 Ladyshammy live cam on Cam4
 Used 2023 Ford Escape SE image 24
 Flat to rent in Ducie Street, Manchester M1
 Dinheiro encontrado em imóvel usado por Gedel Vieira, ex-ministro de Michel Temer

▬▬▬▬▬▬

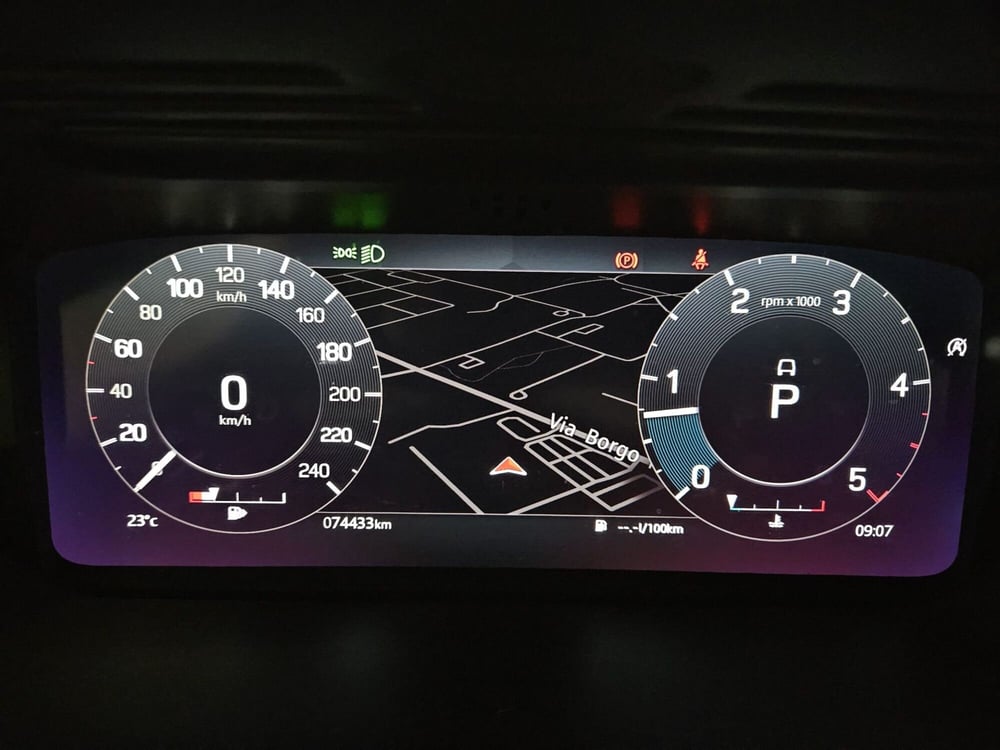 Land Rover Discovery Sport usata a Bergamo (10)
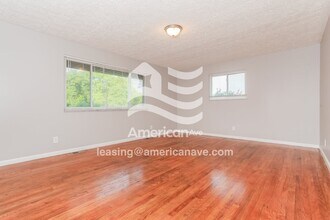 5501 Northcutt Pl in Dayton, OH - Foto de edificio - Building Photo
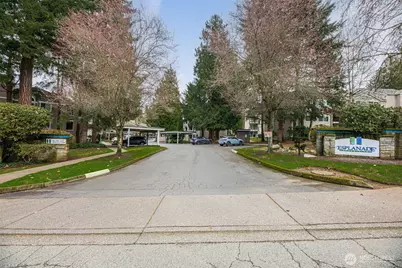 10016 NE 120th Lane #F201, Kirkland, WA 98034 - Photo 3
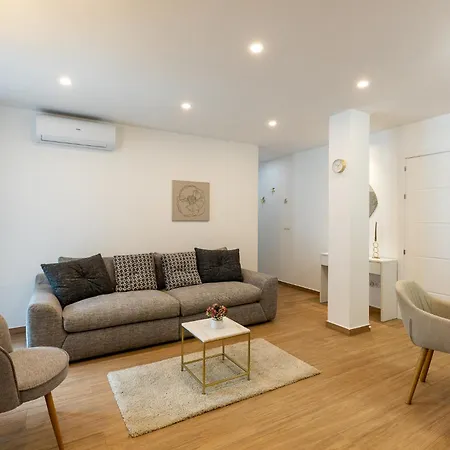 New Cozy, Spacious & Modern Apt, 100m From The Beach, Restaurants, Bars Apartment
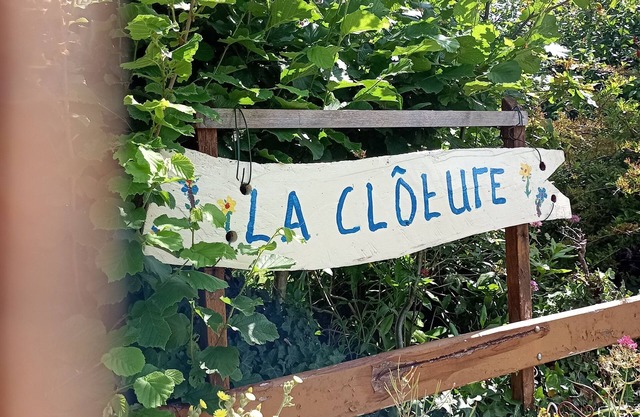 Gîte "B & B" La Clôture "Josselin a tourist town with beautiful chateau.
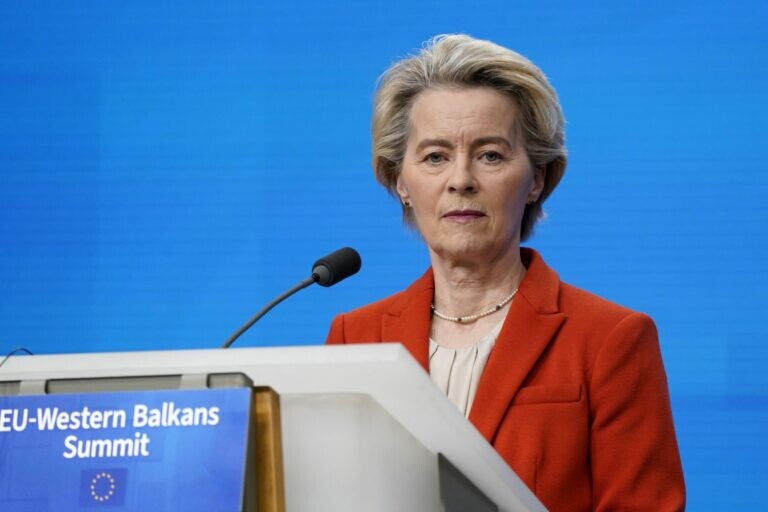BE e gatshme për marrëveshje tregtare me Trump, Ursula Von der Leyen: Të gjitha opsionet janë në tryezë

▬▬▬▬▬▬

--- TASK REQUIREMENTS ---
Above are the entries. Copy exactly the part that opens with the line containing "Ladyshammy live cam on Cam4" and closes with the line containing "Dinheiro encontrado em", and no more.

--- TASK RESULT ---
 Ladyshammy live cam on Cam4
 Used 2023 Ford Escape SE image 24
 Flat to rent in Ducie Street, Manchester M1
 Dinheiro encontrado em imóvel usado por Gedel Vieira, ex-ministro de Michel Temer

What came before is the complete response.